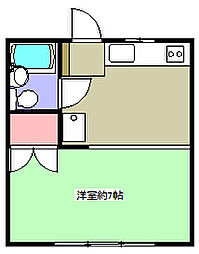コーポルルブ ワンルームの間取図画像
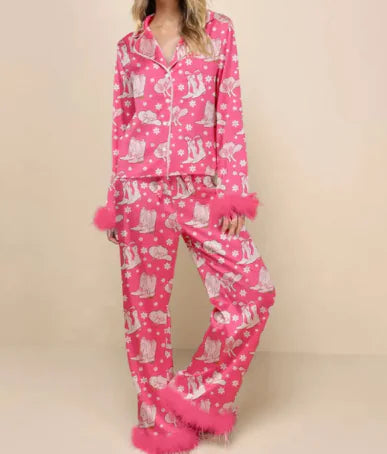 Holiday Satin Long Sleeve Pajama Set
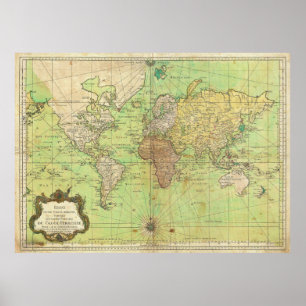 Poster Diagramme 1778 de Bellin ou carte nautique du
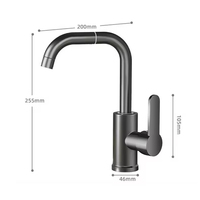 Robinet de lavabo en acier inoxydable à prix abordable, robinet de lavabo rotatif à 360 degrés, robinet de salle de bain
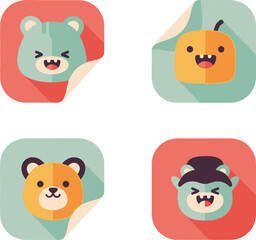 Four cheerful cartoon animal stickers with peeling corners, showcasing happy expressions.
-- -- --
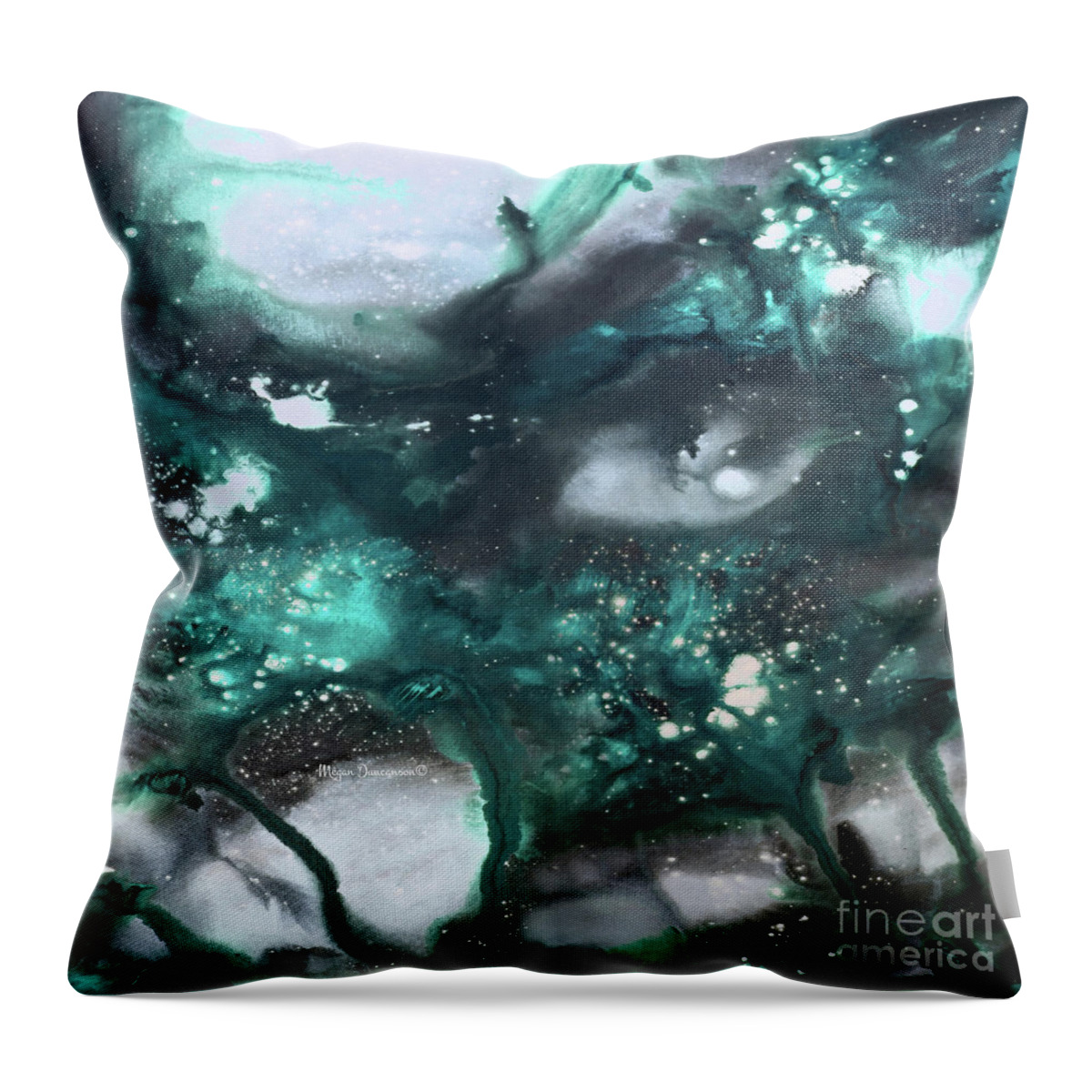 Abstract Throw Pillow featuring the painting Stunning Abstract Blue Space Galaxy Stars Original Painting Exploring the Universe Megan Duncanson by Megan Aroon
-- -- --
### What you should do
Give again, exactly as written above, each line from the one that has "Robinet de lavabo en" to the one that has "Four cheerful cartoon", both included; omit the pictures.

### Response for this exercise
 Robinet de lavabo en acier inoxydable à prix abordable, robinet de lavabo rotatif à 360 degrés, robinet de salle de bain
 Four cheerful cartoon animal stickers with peeling corners, showcasing happy expressions.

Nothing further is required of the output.